Data Qualities
I'm noticing that data shows up as a key principal in many topics (makes sense, we all love data don't we?!)
I'm wondering if there's a reason that different terminology is used to describe what we're looking for in data.
Examples:
Earthquake - Data Management: Must address data (integrity, verification, limitation)
Earthquake - Modeling best practices: Provide evidence that granularity and quality of data is appropriate.
MfAD - Claims Development: pick low if data is homogeneous, stable, credible.
Models - Validation: Data should be Reliable and Sufficient
So to describe good data we have:
integrity, verification, limitation, granularity, quality, homogeneous, stable, credible, reliable, sufficient.

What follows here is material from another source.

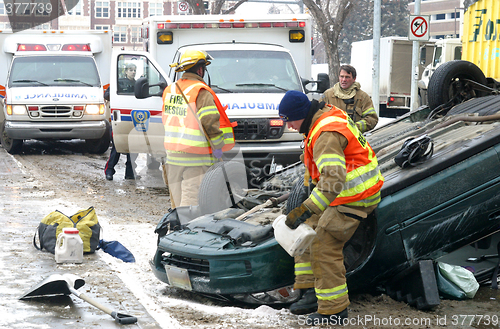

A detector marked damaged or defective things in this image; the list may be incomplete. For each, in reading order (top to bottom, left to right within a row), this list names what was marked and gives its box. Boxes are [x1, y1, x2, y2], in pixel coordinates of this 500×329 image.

crushed windshield [8, 56, 100, 87]
crushed windshield [206, 50, 302, 93]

I guess my question is does CAS really care that we use the specific adjectives listed in each section? Open to comments/ideas on this.
Comments
That's a good point. It's hard to say for certain what would be considered an acceptable answer in a given situation. Part of the issue is that all these readings were written by different groups of people, and the exams are often graded by different people from one cycle to the next.

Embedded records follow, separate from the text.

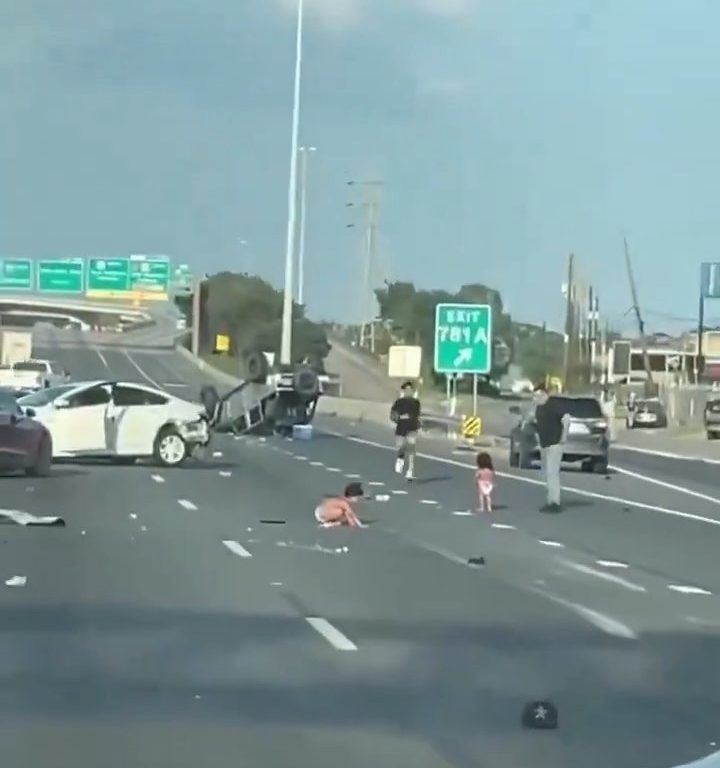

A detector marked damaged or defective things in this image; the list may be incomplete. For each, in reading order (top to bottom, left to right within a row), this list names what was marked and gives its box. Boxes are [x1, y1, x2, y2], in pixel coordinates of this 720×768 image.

car wheel of overturned car [243, 352, 268, 384]
overturned car [198, 352, 320, 438]
damaged white sedan [17, 380, 211, 468]
car wheel of overturned car [26, 436, 52, 476]
car wheel of overturned car [153, 426, 187, 468]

But exam questions are often plucked directly from the text and if you notice this, the safest strategy is to phrase your answer exactly like in the source text. If you don't immediately recognize which reading the question comes from or if it is Bloom's Taxonomy question, then you have more leeway and can mix & match any of those data characteristics as appropriate for the given question.
Overall, the best description of what we want data to be is probably reliable and sufficient. All the other adjectives are just more specific ways of describing this how to achieve this.